Being an SRE is a tough (if rewarding) job on any day of the year. But it’s especially challenging on Black Friday and Cyber Monday, the post-Thanksgiving event that has become the biggest online shopping day of the year. We'll focus on calling it Cyber Monday throughout this guide.
And for 2021, Cyber Monday promises to include not just the standard challenges associated with massive spikes in traffic, but also a spike in cybersecurity attacks, which the FBI expects to surge in frequency this holiday season. And although security may not be SREs’ main job, they’ll be expected to assist security and DevSecOps teams in confronting the reliability threats that hackers pose.
So, those are the problems SREs face heading into Cyber Monday 2021 and beyond. For solutions, let’s take a look at six best practices for managing the reliability and security challenges that loom this holiday season.
Assess your Cyber Monday stress
The first step in preparing for Cyber Monday is evaluating how much stress the holiday is likely to place on the systems you support.
Obviously, online retailers -- especially those that sell tech products -- will face the biggest increase in load during the Cyber Monday shopping surge.
Businesses that don’t sell things online are less likely to see a major peak in traffic. That said, the fact that Cyber Monday brings more people online in general can increase demand across the board. Don’t assume, then, that Cyber Monday will be business as usual for you just because your business isn’t a retailer.
Configure auto-scaling -- including for Kubernetes
You probably already know that you can configure auto-scaling for cloud VMs in order to help them accommodate a spike in demand.
But did you know that you may also be able to auto-scale Kubernetes clusters? Kubernetes auto-scaling features let you add nodes to your clusters so that they can support a higher load.
Not all Kubernetes distributions support auto-scaling, but most of the cloud-based managed Kubernetes distros do. (You can find details about what each major Kubernetes service supports in our blog on choosing a Kubernetes distro for SREs.) If you use Kubernetes, and auto-scaling is available, be sure to take advantage of it to help manage the Cyber Monday surge.
Distribute your distributed infrastructure even more
Adding more redundancy to your infrastructure is another relatively simple and highly effective way to prepare for Cyber Monday load increases. It may also help protect against DDoS attacks, should they target your environment (or your cloud host) during the event.

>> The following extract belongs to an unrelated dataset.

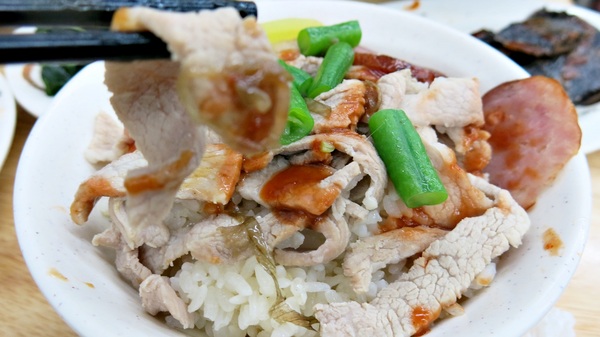 鐘點棧→當歸鴨．鴨肉飯專賣店(樂華店)：【永和樂華美食】隱藏巷弄超美味湯頭清甜＆鴨肉好吃～鐘點棧當歸鴨．鴨肉飯專賣店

So, consider adding another availability zone or region to your cloud, if you have the time to configure it before Cyber Monday is here. You could also move VM or container images to another region (or an entirely different cloud) so that they’re on hand in case you need to spin them up in response to a failure in another region or cloud.
Double down on your incident response plan
It’s a pretty safe bet that something will go wrong with your applications or infrastructure over the course of Cyber Monday. But how wrong it goes depends on how quickly and effectively you can respond.
Toward that end, now is the time to verify that you have incident response playbooks in place. Equally important is ensuring you have an incident response platform that helps you manage incidents quickly and efficiently.
Verify your backups
Along similar lines, the lead up to Cyber Monday is an excellent time to make sure you’re systematically backing up critical data.
Remember, too, to make sure that your backup data is stored in a location where it will remain intact if production systems fail -- or, worse, if they are hacked. To maximize the chances of speedy recovery in the event of the latter scenario, consider “air gapping” your backup data, which means disconnecting it from the network so that remote attackers can’t touch it.
Engineer some chaos
Chaos engineering can help you detect unanticipated reliability issues at any time of year. But it’s especially helpful in preparing for Cyber Monday, when your sites will likely be under higher stress than usual.
So, if you haven’t performed any chaos engineering lately, grab yourself a chaos engineering tool and kick the tires of your system before actually users do.
Cyber Monday may create special reliability stresses. But it doesn’t have to lead to reliability failures. With the right plans and tools in place, SREs can prepare their environments to handle whatever Cyber Monday brings -- from traffic surges to DDoS attacks and beyond.